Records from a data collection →
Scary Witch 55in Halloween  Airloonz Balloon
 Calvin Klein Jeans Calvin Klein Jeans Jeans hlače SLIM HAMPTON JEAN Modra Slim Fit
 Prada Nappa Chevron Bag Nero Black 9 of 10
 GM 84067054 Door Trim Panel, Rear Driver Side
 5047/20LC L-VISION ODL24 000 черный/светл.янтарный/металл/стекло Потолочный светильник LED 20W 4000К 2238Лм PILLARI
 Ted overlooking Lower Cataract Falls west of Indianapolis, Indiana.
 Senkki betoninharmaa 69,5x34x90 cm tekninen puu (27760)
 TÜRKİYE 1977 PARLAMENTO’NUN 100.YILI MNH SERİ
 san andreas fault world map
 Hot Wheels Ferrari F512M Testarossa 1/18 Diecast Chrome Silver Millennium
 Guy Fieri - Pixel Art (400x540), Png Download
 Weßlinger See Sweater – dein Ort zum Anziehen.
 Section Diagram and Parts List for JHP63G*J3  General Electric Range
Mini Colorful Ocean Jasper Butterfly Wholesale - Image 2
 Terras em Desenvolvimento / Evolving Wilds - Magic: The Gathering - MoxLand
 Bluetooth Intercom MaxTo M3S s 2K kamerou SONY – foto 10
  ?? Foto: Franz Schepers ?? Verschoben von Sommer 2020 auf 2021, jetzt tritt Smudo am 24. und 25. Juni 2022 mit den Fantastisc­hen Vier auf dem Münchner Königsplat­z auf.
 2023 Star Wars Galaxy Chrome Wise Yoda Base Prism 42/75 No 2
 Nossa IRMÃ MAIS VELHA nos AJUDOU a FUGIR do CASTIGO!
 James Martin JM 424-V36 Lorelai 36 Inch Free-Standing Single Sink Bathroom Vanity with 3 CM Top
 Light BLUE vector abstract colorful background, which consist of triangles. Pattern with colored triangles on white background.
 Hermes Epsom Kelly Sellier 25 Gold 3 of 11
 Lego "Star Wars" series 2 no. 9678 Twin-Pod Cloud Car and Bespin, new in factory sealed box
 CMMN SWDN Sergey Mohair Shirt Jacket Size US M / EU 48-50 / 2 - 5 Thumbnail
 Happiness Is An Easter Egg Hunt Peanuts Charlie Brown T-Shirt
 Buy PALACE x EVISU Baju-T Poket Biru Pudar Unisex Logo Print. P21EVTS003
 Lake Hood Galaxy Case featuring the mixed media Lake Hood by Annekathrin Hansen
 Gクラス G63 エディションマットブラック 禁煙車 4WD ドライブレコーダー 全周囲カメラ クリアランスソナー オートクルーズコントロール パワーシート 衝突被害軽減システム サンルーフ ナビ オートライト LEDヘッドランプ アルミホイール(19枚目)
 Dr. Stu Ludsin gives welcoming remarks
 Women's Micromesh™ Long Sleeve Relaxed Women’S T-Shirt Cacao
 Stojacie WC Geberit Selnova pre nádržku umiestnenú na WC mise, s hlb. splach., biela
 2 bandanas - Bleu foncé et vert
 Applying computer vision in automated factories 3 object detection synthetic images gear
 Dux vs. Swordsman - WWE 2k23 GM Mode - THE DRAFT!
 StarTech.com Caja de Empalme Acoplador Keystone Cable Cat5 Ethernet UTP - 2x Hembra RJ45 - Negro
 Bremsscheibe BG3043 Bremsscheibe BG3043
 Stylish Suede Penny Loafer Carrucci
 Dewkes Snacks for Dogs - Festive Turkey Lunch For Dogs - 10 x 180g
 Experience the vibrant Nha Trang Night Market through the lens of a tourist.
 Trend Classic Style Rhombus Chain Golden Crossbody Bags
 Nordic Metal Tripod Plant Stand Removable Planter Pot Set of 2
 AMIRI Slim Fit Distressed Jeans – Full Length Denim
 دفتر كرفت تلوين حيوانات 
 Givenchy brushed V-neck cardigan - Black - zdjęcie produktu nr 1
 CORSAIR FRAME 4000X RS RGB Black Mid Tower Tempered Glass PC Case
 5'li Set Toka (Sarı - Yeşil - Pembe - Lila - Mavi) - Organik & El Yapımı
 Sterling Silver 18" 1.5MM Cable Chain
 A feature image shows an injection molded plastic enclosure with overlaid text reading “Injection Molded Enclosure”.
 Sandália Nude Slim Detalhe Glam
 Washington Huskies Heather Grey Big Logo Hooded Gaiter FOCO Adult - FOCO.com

Task directions →
Which of the lines above carry the string "with"? Pick them out and copy them.

Response to the task →
 James Martin JM 424-V36 Lorelai 36 Inch Free-Standing Single Sink Bathroom Vanity with 3 CM Top
 Light BLUE vector abstract colorful background, which consist of triangles. Pattern with colored triangles on white background.
 A feature image shows an injection molded plastic enclosure with overlaid text reading “Injection Molded Enclosure”.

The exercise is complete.